Pas de deuxième vie pour les substances nocives persistantes

Trop de substances chimiques nocives qui persistent longtemps dans les organismes humains, telles que les PFOA et les PFOS, passent les mailles du recyclage et connaissent une deuxième vie toxique dans l'économie circulaire, a souligné mardi le Parlement européen.
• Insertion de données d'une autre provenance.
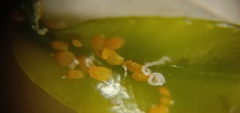 Diaphorina citri
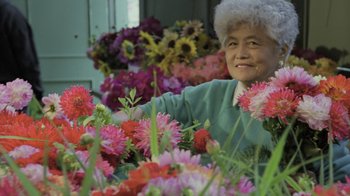 Movie still from “Fantastic Fungi” (2019), directed by Louie Schwartzberg – An older woman sitting in front of a bunch of flowers; Medium shot, Low angle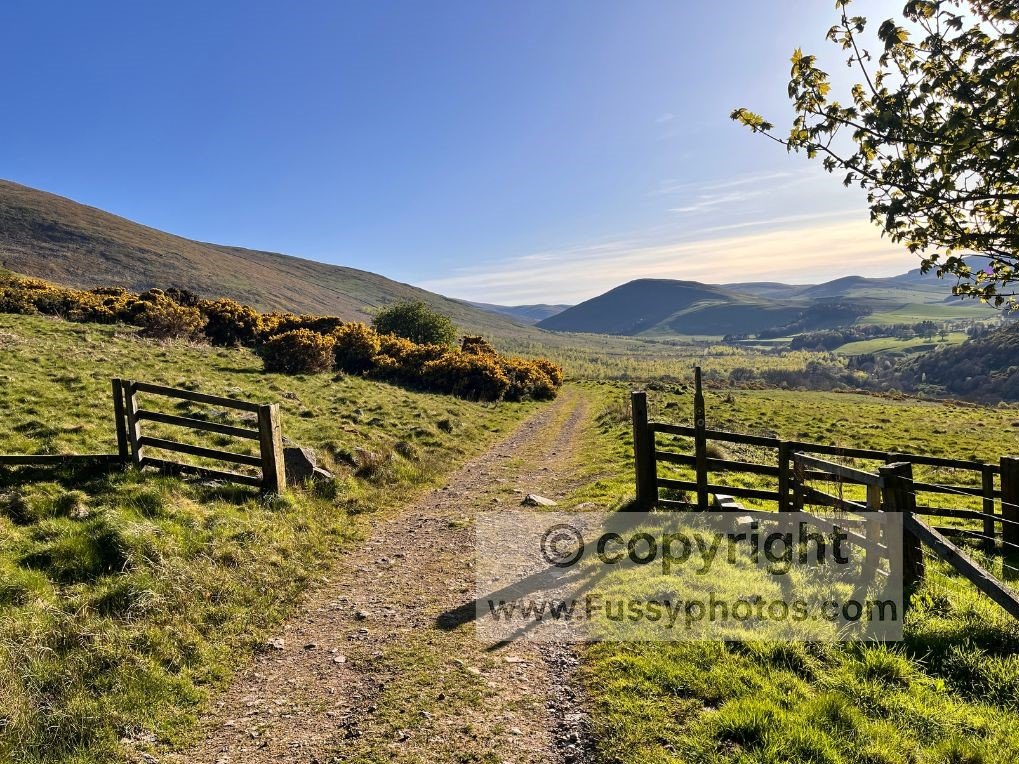 Trail heading west along St Cuthbert’s Way on a farmer’s track, before entering the scrubby, goat‑grazed section.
Pas de deuxième vie pour les substances nocives persistantes
©BELGA

Dans un texte adopté par 506 voix pour, 68 contre et 49 abstentions, les eurodéputés ont réclamé de durcir encore une proposition de la Commission qui vise déjà à réduire ces "POP" (polluant organiques persistants) dans l'économie circulaire et à améliorer la gestion des déchets qui en contiennent.

Leur proposition de nouveau règlement prévoit que les matériaux contenant des niveaux trop élevés de "POP" soient détruits ou incinérés, sans recyclage possible. On parle de substances cancérigènes, toxiques pour la reproduction, ou perturbatrices pour le système endocrinien. Ce sont des molécules chimiques très persistantes que l'on retrouve dans les dioxines, les pesticides, les insecticides ou encore dans les retardateurs de flammes, mais aussi dans certains jouets. En Belgique, elles sont à l'avant de l'actualité depuis plusieurs mois, avec la pollution des sols autour de l'usine 3M à Zwijndrecht, qui retarde le gigantesque chantier du bouclage du ring d'Anvers.

Si le rapport parlementaire reconnaît que la proposition de la Commission va dans la bonne direction, les députés européens souhaitent surtout la renforcer en introduisant des limites nettement plus basses pour les niveaux autorisés de POP.

Ils veulent par exemple réduire les limites pour un groupe de retardateurs de flamme bromés (couramment utilisés dans des plastiques, des textiles et des équipements électroniques) à 200 mg par kilo, un seuil plus sévère que celui à 500 mg/kg proposé par la Commission. Ils veulent également que les limites pour l'acide perfluorooctanoïque (PFOA), que l'on trouve par exemple dans les textiles imperméables et les mousses anti-incendie, soient abaissées à 20 mg/kg au lieu des 40 mg/kg proposés par la Commission.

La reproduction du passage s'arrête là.